Excerpted records
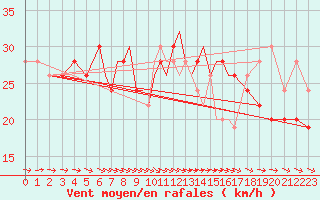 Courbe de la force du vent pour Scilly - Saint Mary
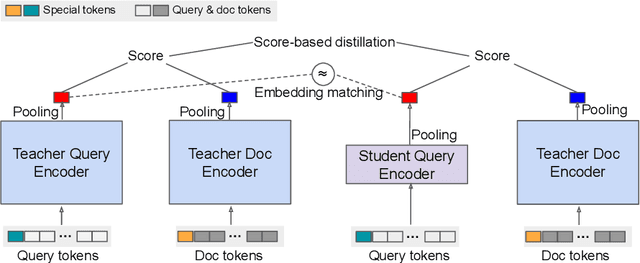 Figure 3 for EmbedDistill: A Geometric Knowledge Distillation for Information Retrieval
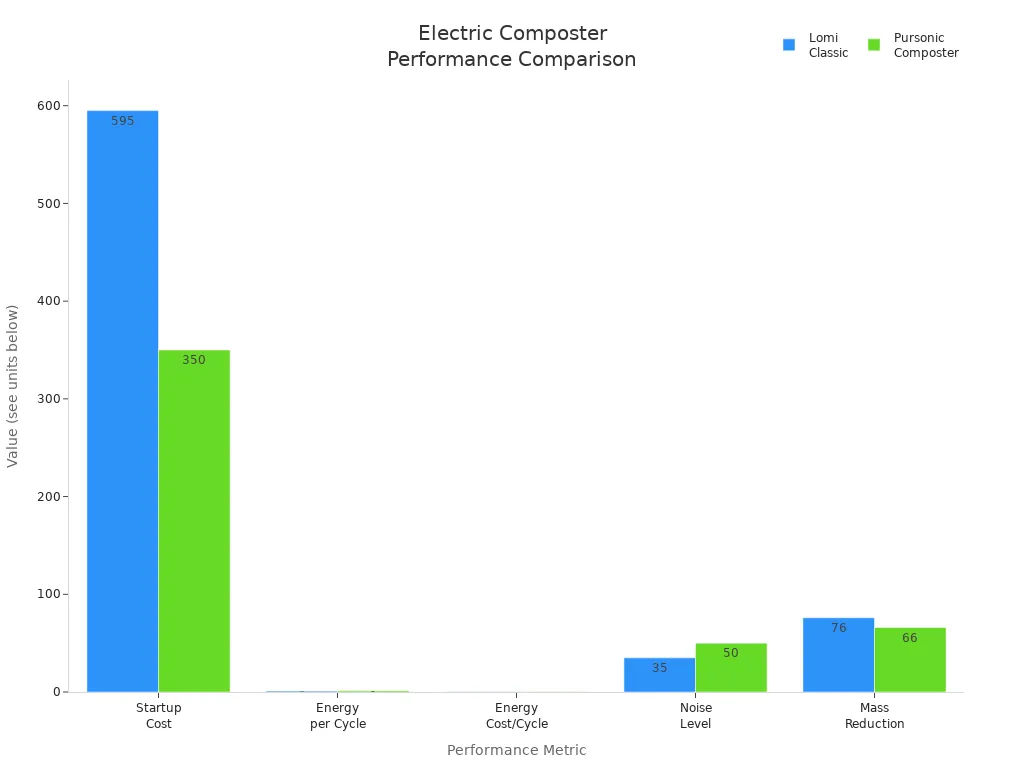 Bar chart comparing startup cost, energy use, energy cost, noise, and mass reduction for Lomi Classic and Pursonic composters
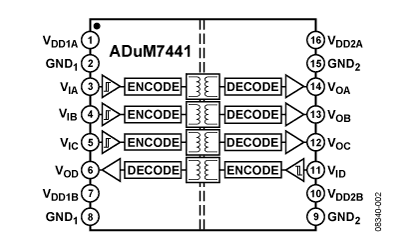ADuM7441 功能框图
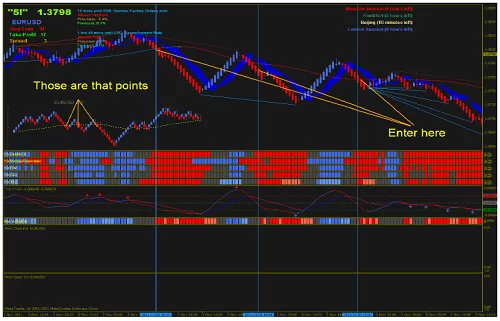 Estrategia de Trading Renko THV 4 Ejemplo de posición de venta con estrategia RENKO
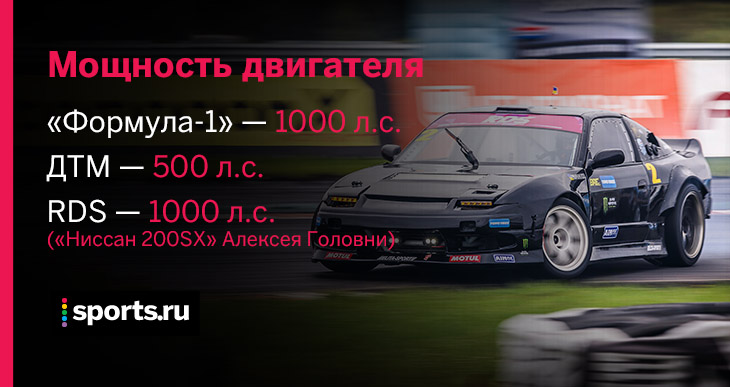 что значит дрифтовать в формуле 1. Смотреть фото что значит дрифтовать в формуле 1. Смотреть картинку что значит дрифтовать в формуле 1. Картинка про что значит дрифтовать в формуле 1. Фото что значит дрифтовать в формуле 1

==

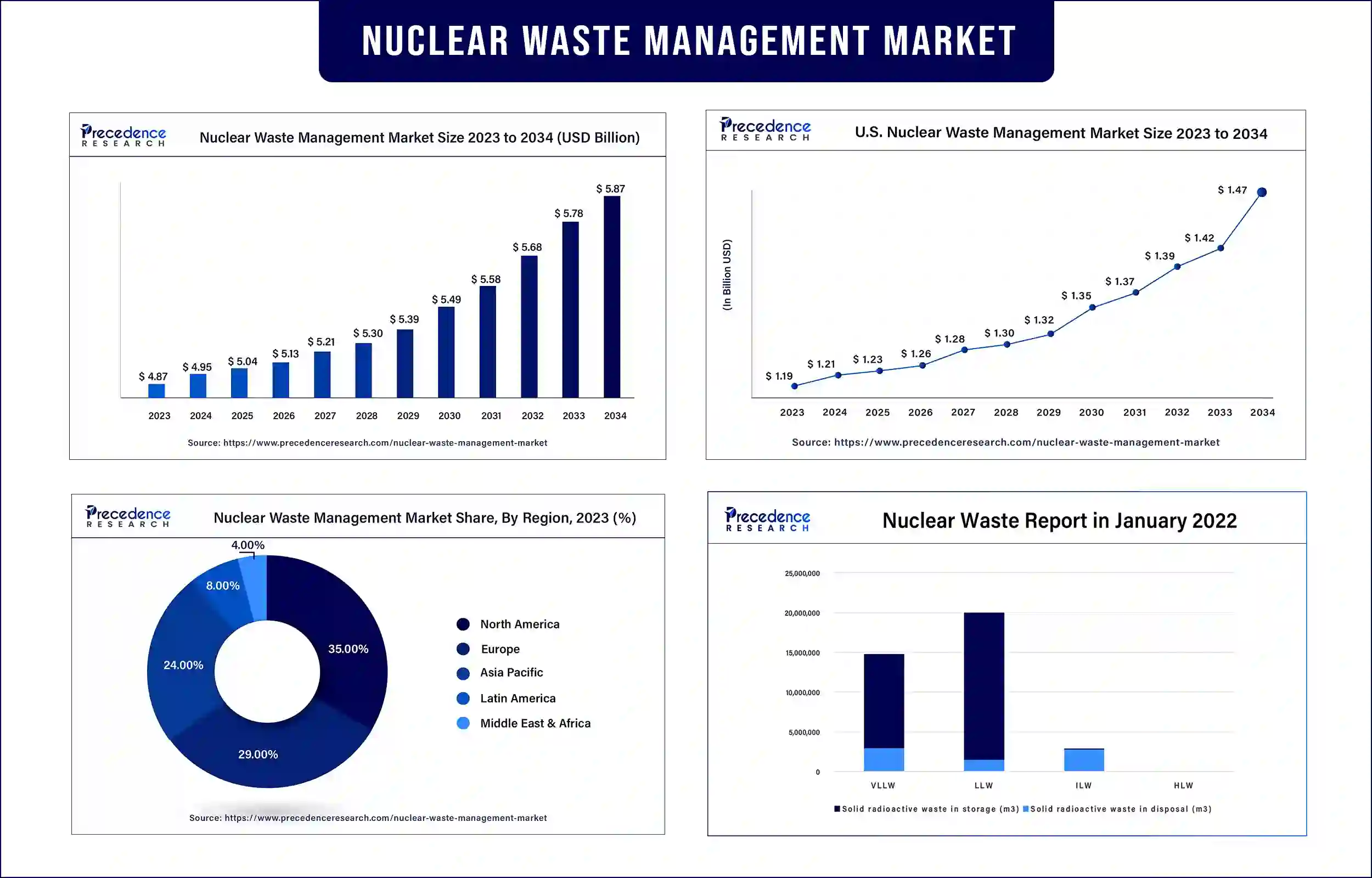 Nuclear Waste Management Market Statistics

* * *

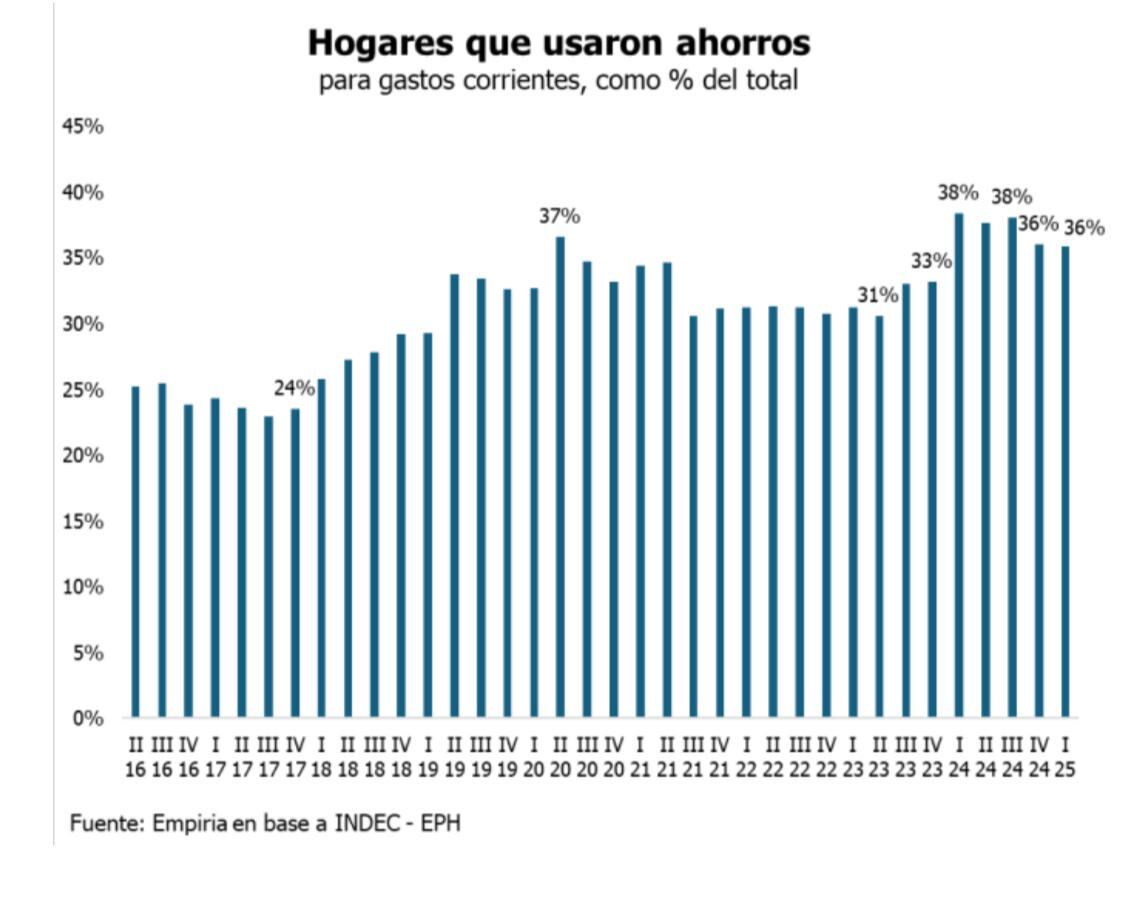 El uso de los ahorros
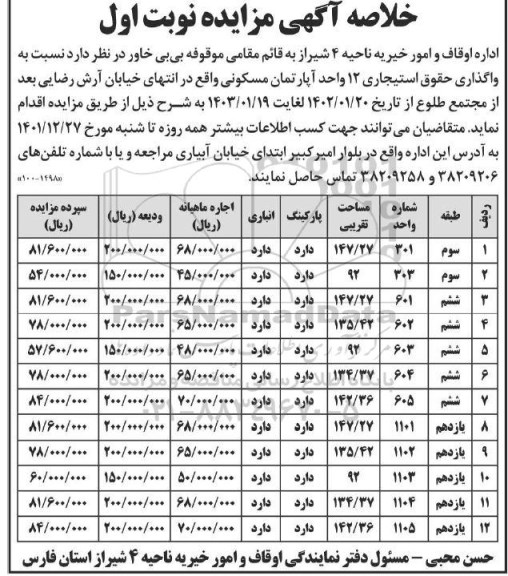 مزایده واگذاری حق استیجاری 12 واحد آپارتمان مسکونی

What to do
From the line containing "Estrategia de Trading" through the line containing "что значит дрифтовать в формуле 1. Смотреть фото", copy every line above exactly, without pictures.

Written answer
 Estrategia de Trading Renko THV 4 Ejemplo de posición de venta con estrategia RENKO
 что значит дрифтовать в формуле 1. Смотреть фото что значит дрифтовать в формуле 1. Смотреть картинку что значит дрифтовать в формуле 1. Картинка про что значит дрифтовать в формуле 1. Фото что значит дрифтовать в формуле 1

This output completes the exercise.